Sunday, September 09, 2007

No Health Care Reform in California This Year

Dan Walters of the Sacramento Bee writes that efforts at major health care reform in California appear to be dead for this year. While it is possible that the governor will call the legislature into a special session to address the issue, my sources are telling me that it is more likely that the issue will be negotiated behind closed doors in hopes of arriving at a solution that can be passed in early 2008.

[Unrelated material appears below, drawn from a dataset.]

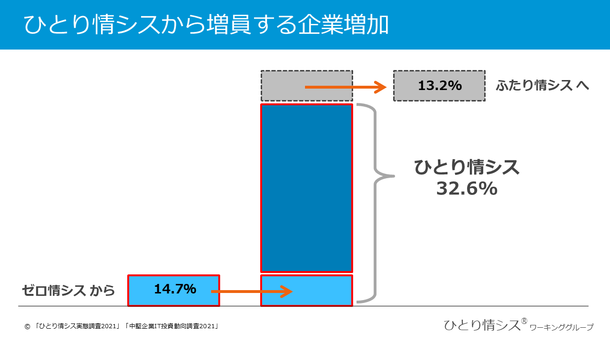 NETFORWARD 負荷分散構築サービス Citrix Systems社製ロード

Although both the Democratic legislature and the increasingly marginally Republican governor both supported reform, those groups divided over the means of financing it. Democrats wanted to put the entire fiscal onus on employers, while Governor Schwarzenegger wanted to fund it through a fee to be paid by doctors and hospitals. Republicans in the legislature opposed both plans, and they were right to do so. Note that the governor chose to call his funding mechanism a "fee" rather than a "tax." Tax increases require a supermajority in the state legislature, and it will not be possible to muster one. However, the linguistic gamesmanship would almost certainly be the subject of a judicial challenge should it pass.

In addition, Californians would be wise to remember an axiom from their Republican governor from 40 years ago. Businesses are not taxpayers: they are tax collectors. Imposing a tax on businesses, whether those businesses are health care providers or employers, only results in higher costs being passed on to consumers to pay the tax.